Everlast Metal Products Corporation
- Formerly: Western Silver Works, Inc.; Western Silver Novelty Company
- Type: Private
- Industry: Housewares; Giftware;
- Founded: 1932 in New York City, U.S.
- Founders: Louis Schnitzer; Nathan Gelfman;
- Defunct: 1961
- Fate: Dissolved
- Headquarters: New York City, United States
- Key people: Jack Orenstein (national sales manager)
- Products: Hand forged (hammered) aluminum giftware and housewares

= Everlast Metal Products Corporation =

American aluminum giftware manufacturer (1932–1961)

Everlast Metal Products Corporation was an American manufacturer of hand forged (hammered) aluminum giftware and housewares that operated in New York City from 1932 to 1961. According to The Henry Ford museum, it was "one of the most prolific manufacturers of aluminum giftware" in the United States during the mid-20th century.

== History ==

=== Founders and predecessor businesses ===
Everlast was founded by the brothers-in-law Louis Schnitzer and Nathan Gelfman, metalworkers who emigrated from Kiev then part of the Russian Empire and now in Ukraine to the United States in the 1910s. In the early 1920s the two established a silver housewares business in New York City called Western Silver Works, Inc., where they polished and plated silver; by about 1930 they were producing silver and chrome plated items under the name Western Silver Novelty Company.

During the Great Depression, demand for silver housewares fell, and the partners turned to the cheaper metal aluminum. In 1932 they formed the Everlast Metal Products Corporation and began producing hand forged aluminum giftware.

=== Growth ===
Everlast introduced its first product line, "Forged Giftware," in 1933; featuring Colonial Revival and Neoclassical Revival inspired motifs, it continued until the company closed. Around 1935 Jack Orenstein was hired as national sales manager; he organized a national sales force that gave Everlast a leading position in the decorative aluminum giftware market.

After the United States entered World War II, aluminum production for consumer goods was halted, and Everlast secured government contracts, producing military equipment under the name Browning Precision Tool Co. After the war the company returned to consumer production and, in 1946, opened a showroom in Chicago to reach Midwestern buyers. Its most successful line, "Bali Bamboo," reflected postwar American interest in the South Pacific; according to The Henry Ford, "more than 60 different items, produced between 1946 and 1959, featured raised bamboo shoots and a satin finish."
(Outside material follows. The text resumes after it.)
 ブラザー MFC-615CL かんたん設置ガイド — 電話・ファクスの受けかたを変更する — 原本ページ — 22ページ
=== Decline and closure ===
The company struggled through the 1950s. In 1951 the Korean War again restricted aluminum for consumer goods, and Orenstein soon left the company to work in ceramics and plastics. Everlast introduced a highly polished "Silvercrest" line in 1952 and a contemporary "Everlast Modern" line in 1953, but decorative aluminum was increasingly regarded as old fashioned amid the rise of colorful plastics. After nearly thirty years in business, Schnitzer and Gelfman closed Everlast in 1961.

== Products and marks ==
Everlast's aluminum giftware was stamped "Hand Forged Everlast Metal" together with a maker's mark showing an anchor and an arm holding a hammer, usually with a pattern number below. The company used numerous marks and produced a wide range of decorative motifs, which are catalogued in standard collectors' reference books on hand wrought aluminum. Products included trays, bowls, pitchers, ice buckets, coasters, candle holders, silent butlers, cocktail shakers, and folding serving carts. Beyond forged aluminum, collectors' literature reports that the company produced additional lines, including color anodized aluminum ("Neocraft"), hand forged copper ("Plymouth Ware"), and an inexpensive "Harmony House" line for Sears.
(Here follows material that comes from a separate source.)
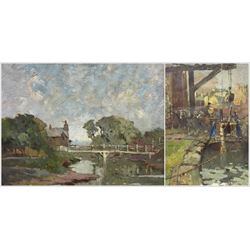 William Roger Benner (British 1884-1964): River Landscapes, two-sided oil on unstretched canvas signed 35cm x 47cm (unframed)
== Designer collaborations ==
Everlast is associated with the industrial designers Russel Wright and Mary Wright in the early 1940s. Dealers and auction records attribute a folding aluminum serving cart and butler tray bearing a "Fallen Leaves" foliate motif to a design by Mary Wright, made by Everlast around 1940; such pieces are said to have been shown at the Metropolitan Museum of Art's 1940 exhibition of contemporary American industrial art.

== Collecting and legacy ==
Everlast pieces are among the most frequently encountered mid-20th-century American hammered aluminum collectibles and are documented in collectors' guides by Dannie A. Woodard and Everett Grist. The Henry Ford in Dearborn, Michigan, holds a collection of Everlast objects and period advertisements, several of which are available through its digital collections. The company's history, production methods, marketing, marks, and motifs were documented in a 2006 research report by Kira Macyda.